時事随想抄

歴史家の視点から国際情勢・時事問題などについて語るブログ

NHK『刑事フォイル』から読み解く第二次世界大戦の真実

 毎週日曜日の9時にNHKBSプレミアムで放映されていた『刑事フォイル』が、昨日、終了しました。楽しみにしていただけに残念なのですが、このドラマから、日本国内では知られていない第二次世界大戦の真相を垣間見ることができます。

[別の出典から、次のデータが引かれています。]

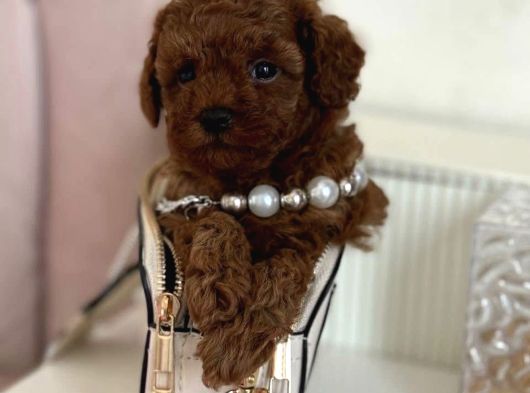 Ruhsatlı Çiftliğimizden Toy Poodle Bebekler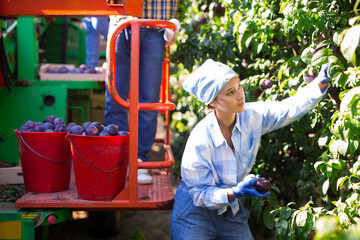 European woman harvesting plums in plantation beside crop collecting machine.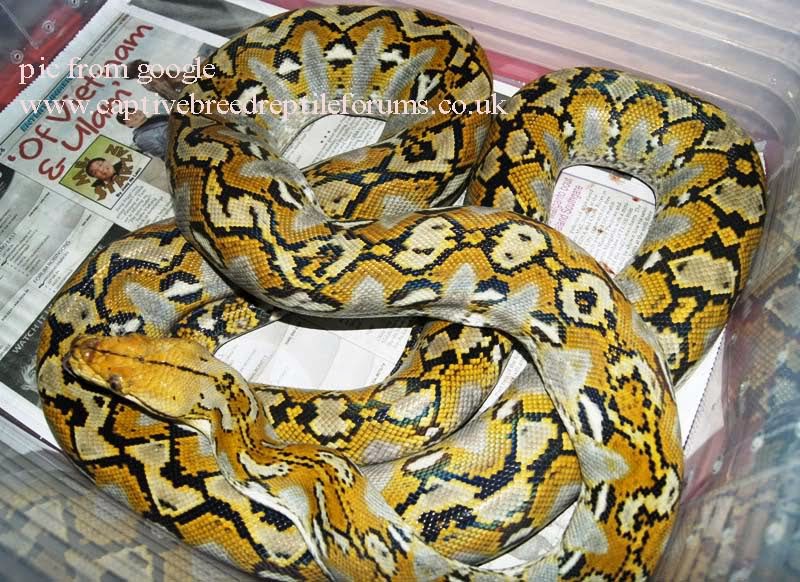 MY-PYTHONIDAE-NOTES: SEKILAS TENTANG - SINGKAT TENTANG - TENTANG - ular ...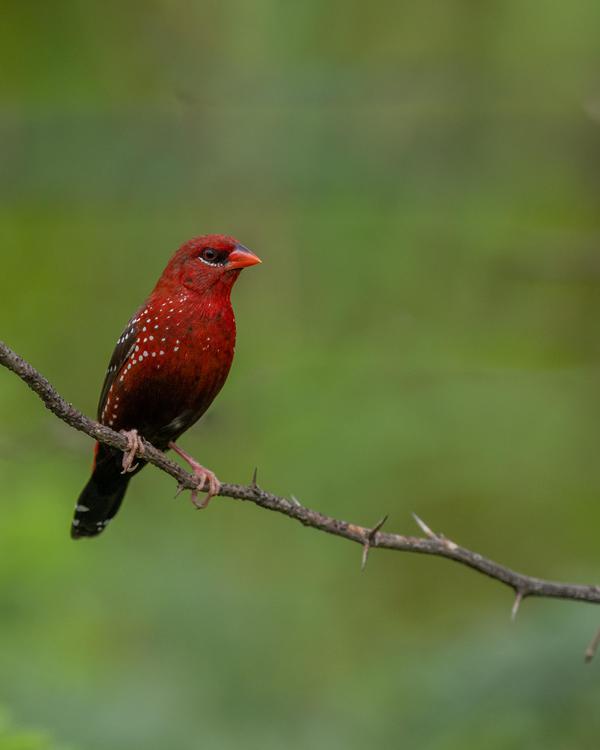 Image of Bird, Beak, Feather, Twig etc.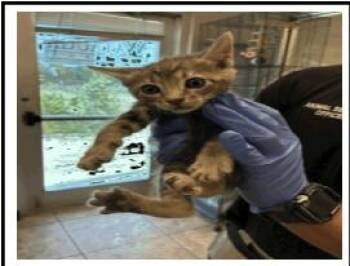 Ever -  Domestic Short Hair Cat for Adoption in Fort Worth, Texas - Ever | PetCurious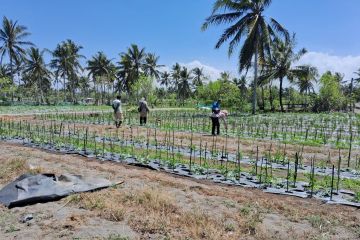 Dinas Pertanian Kulon Progo kendalikan serangan hama cabai di Galur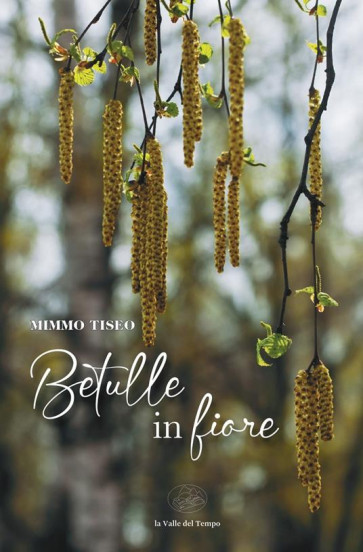 Betulle in fiore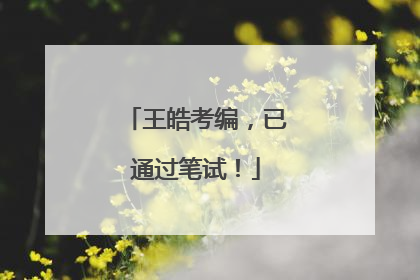 王皓考编，已通过笔试！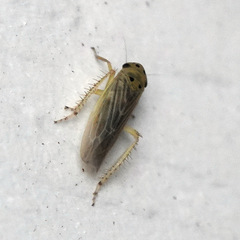 Macrosteles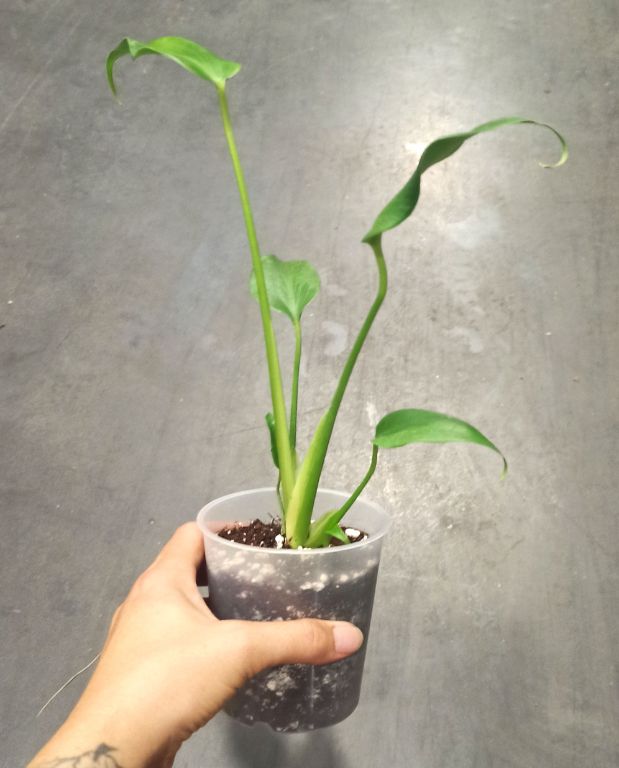 Monstera Burle Marx Flame dans la main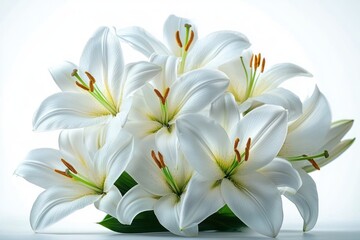 Fototapeta premium Close-up of a vibrant bouquet of fresh white lilies with green stems against a bright and soft background conveying purity and elegance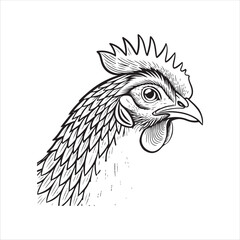 Chicken Vector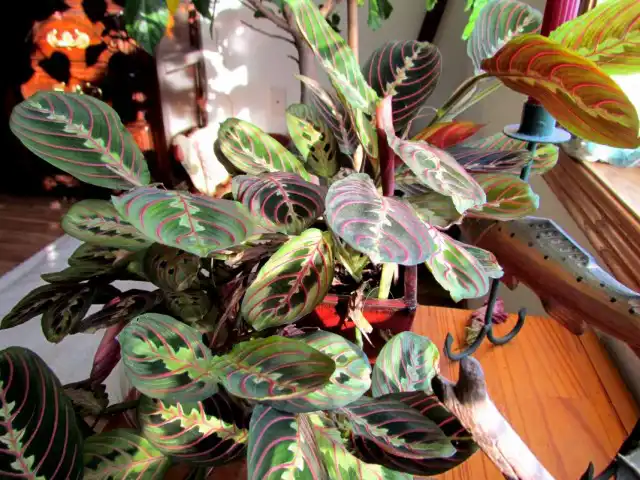 Маранта беложилковая (Maranta leuconeura)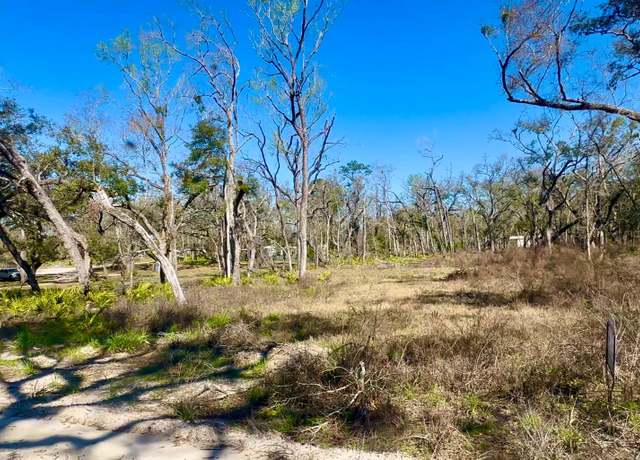 Property at TBD NE Pecan Ave Lot 8, Mayo, FL 32066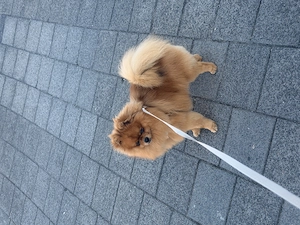 Pomeranian (Zwergspitz) Rüde Coco (1 Jahr)  geimpft, gechippt, sucht neues liebevolles Zuhause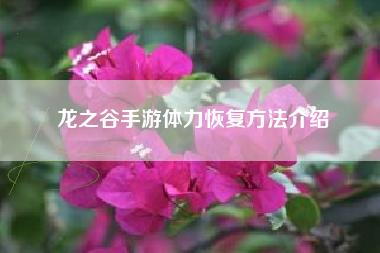 龙之谷手游体力恢复方法介绍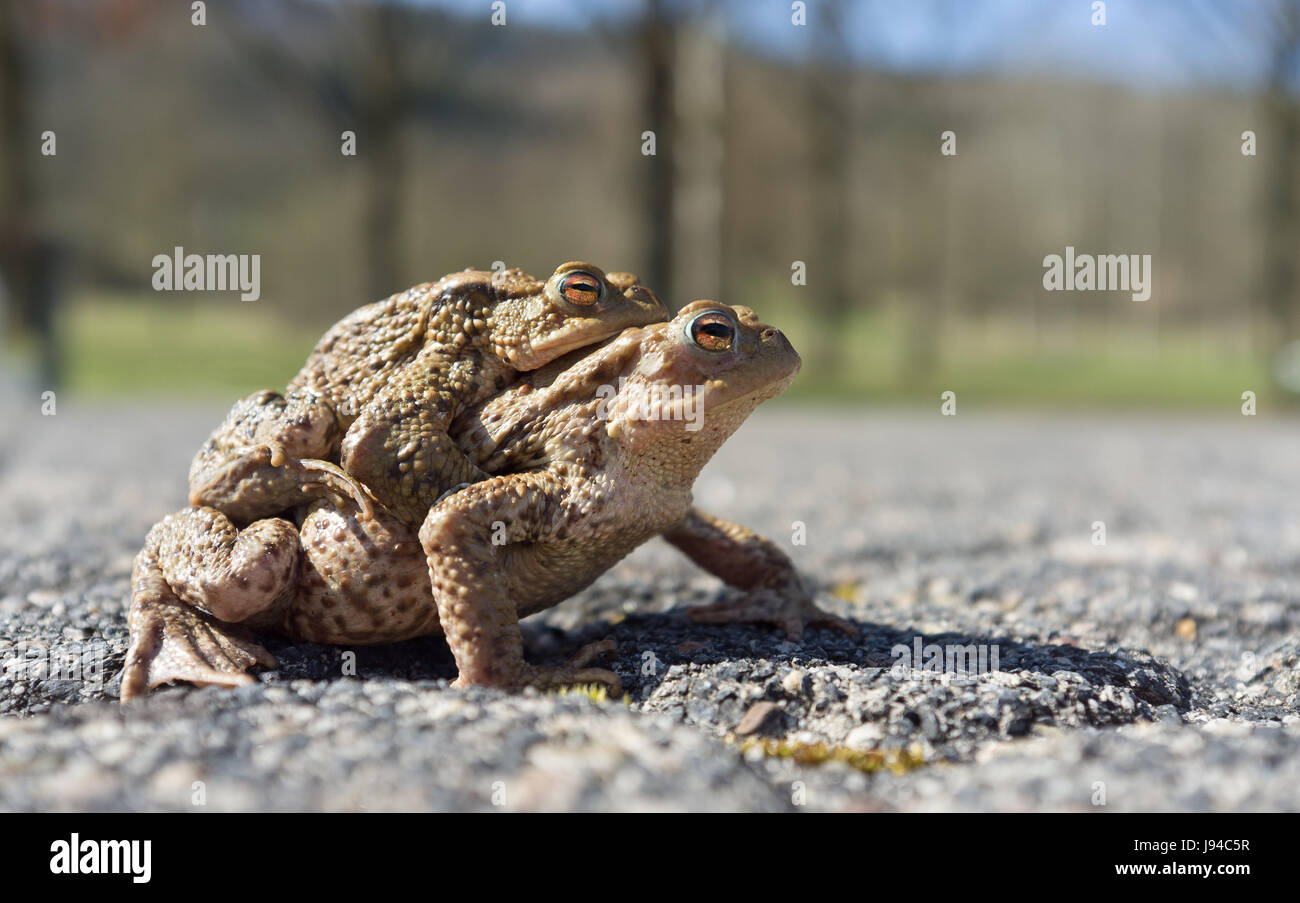 Säugetier, Frosch, Kröten, Fortpflanzung, Paarung, Mate, Liebe, verliebt,  verliebt Stockfotografie - Alamy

 『刑事フォイル』は、第二次世界大戦時におけるイギリスを舞台にストーリーが展開しており、枢軸国であった日本国の視点からしますと、まさに、”目からうろこ”の場面も少なくありませんでした。最終回となった先週のストーリーは、従軍中に同僚兵に殺害されそうになった若者による復讐を動機とした殺人事件なのですが、イギリス政府によって密かに行われていた生物化学兵器研究施設からの炭疽菌漏洩の不祥事も絡められています(管理不備により実験用羊の死体から人間が炭疽菌に感染…)。もちろんドラマですので、史実である保証はないのですが、違和感なくイギリスの視聴者に受け入れられたところからしますと、連合国側において、当時、実際にこうした研究が行われていたのかもしれません。そして、生物化学兵器について思い起こすのは、かの731部隊です。中国や左翼勢力などは、731部隊の名を挙げては日本軍の生物化学兵器の実験を非人道的な行為として断罪してきました。しかしながら、アメリカで公開された731部隊に関する公文書でも、日本軍による人体実験や細菌戦は否定されており、生物化学兵器対策としての研究機関であったようです。となりますと、生物・化学兵器の研究や実験自体は、両陣営の諸国において行われていた可能性も否定はできないのです(中国や左翼勢力は、対日批判の根拠を失う…)。

 先週のストーリーのみならず、『刑事フォイル』は、日本国内の従来のステレオタイプ第二次世界大戦観から見ますと、驚きの連続でした。ロングランのドラマであり、第8シリーズまで制作されているそうですので(現在、第4シリーズ・パート1で一先ず終了)、今後の放映が待ち望まれるところです。